Pg. G1-G9. Chiapuk Rhyolite. Includes welded tuff and tuff-conglomerate, which are probably textural variants of same ash flow. Tuff is dense to porous, creamy to grayish-pink rock whose groundmass contains many angular fragments of dense pink porphyritic rhyolite and a gray, porous pumice. Fragments as much as 8 inches long. Groundmass generally cryptocrystalline and shows flow banding suggestive of plastic flow, particularly around pink rhyolite fragments; commonly groundmass contains small fragments of rhyolite and pumice and of broken feldspar crystals. Where basal contact is exposed, the welded tuff seems to lie conformably on Vekol Formation (new). Over a longer reach, the contact cuts obliquely across strike of Vekol, and the Chiapuk is probably separated from the Vekol by erosional surface of low relief. Top of unit either cut off by faults which abut the tuff against Escabrosa Limestone or is covered by alluvium. Truncated section about 200 feet thick. Is similar lithologically, stratigraphically, and structurally to Cat Mountain Rhyolite of Brown (GSA Bull., v. 50, 1939) in Tucson Mountains. Age is considered Late Cretaceous, based on similarity to Cat Mountain, which was dated at 70.3 +/-2.2 Ma and 74.1 +/-2.2 Ma by Damon (Arizona Univ. Geochron. Lab. Ann. Prog. Rpt., p. 8, 1963).

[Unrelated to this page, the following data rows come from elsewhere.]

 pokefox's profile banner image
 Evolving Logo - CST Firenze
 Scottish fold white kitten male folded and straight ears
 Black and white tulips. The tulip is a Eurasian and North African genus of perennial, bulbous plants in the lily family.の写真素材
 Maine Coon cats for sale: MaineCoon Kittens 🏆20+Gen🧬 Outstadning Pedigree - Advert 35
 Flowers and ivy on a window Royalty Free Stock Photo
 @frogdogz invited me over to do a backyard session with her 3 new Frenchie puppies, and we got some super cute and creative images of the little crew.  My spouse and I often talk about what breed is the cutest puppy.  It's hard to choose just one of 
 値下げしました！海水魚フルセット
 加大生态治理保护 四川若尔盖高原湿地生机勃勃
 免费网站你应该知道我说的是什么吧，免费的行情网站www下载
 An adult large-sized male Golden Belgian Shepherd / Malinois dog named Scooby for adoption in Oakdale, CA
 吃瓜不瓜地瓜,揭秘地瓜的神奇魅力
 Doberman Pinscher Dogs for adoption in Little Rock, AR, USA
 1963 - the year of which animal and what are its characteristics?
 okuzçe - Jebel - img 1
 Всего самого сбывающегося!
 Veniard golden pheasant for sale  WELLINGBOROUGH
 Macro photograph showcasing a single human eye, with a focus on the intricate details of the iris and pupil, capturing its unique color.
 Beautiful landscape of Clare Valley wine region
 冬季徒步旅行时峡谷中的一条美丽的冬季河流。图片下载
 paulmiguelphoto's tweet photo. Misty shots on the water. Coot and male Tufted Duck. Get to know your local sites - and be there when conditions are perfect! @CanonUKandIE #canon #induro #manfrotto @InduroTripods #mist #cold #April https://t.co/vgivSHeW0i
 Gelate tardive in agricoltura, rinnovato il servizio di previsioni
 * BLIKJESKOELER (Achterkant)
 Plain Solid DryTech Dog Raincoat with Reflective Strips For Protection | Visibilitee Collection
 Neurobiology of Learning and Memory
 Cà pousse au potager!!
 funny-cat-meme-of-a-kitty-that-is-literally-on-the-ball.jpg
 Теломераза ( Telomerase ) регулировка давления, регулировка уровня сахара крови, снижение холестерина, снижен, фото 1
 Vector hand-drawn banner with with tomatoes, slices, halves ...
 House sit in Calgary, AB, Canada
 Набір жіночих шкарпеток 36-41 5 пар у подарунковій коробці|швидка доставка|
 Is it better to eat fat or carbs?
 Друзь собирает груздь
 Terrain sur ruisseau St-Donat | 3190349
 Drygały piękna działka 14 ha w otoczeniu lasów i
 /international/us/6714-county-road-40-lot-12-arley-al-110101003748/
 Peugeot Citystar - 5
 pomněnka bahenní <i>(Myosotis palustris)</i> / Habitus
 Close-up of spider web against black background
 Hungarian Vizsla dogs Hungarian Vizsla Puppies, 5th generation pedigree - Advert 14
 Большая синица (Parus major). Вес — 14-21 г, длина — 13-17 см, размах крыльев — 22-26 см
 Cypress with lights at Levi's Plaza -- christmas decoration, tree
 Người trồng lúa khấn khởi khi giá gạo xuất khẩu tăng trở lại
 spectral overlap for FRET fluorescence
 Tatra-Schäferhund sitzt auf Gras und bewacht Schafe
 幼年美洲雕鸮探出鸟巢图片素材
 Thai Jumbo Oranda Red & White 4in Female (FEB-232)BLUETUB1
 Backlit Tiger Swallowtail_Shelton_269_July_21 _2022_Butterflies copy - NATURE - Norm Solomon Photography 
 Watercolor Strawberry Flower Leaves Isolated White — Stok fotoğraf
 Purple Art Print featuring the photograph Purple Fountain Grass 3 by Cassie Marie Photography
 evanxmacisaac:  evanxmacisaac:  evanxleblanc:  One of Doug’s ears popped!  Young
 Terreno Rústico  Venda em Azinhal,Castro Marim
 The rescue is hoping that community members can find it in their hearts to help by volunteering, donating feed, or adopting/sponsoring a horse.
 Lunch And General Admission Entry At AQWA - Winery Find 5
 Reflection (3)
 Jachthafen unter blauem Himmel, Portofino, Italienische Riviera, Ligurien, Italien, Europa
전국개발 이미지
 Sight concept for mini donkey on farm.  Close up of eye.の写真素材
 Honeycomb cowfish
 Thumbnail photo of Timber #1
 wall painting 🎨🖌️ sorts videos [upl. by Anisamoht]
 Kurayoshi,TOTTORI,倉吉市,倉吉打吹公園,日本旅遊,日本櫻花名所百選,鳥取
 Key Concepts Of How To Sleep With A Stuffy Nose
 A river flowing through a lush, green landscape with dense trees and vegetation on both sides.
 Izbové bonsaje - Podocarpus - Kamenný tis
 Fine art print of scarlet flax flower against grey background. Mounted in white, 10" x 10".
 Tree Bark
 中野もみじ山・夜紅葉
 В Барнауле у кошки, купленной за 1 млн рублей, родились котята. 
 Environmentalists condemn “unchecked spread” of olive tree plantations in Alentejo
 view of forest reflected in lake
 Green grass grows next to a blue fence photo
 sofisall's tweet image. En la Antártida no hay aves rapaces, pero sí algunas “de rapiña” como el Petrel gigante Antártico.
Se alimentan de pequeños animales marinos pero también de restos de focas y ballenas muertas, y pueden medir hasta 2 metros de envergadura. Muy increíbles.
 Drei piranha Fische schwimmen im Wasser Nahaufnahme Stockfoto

Type locality: about 2 mi west of Reward Mine, Vekol Mountains, Papago Indian Reservation, southwestern Pinal Co., southwestern AZ. Named from nearby village of Chiapuk.
Source: Publication; US geologic names lexicon (USGS Bull. 1350, p. 147).
Is youngest Cretaceous formation in Vekol Mountains (Pinal Co, AZ) in Basin-and-Range province. Overlies Vekol Formation (Campanian). Is considered possible, if not probable, that both Vekol and Chiapuk are general equivalents to Salero Formation in Santa Rita Mountains. Age is shown to be Campanian and Maestrichtian (Late Cretaceous) on correlation chart (fig. 5); redefined from late? Mesozoic.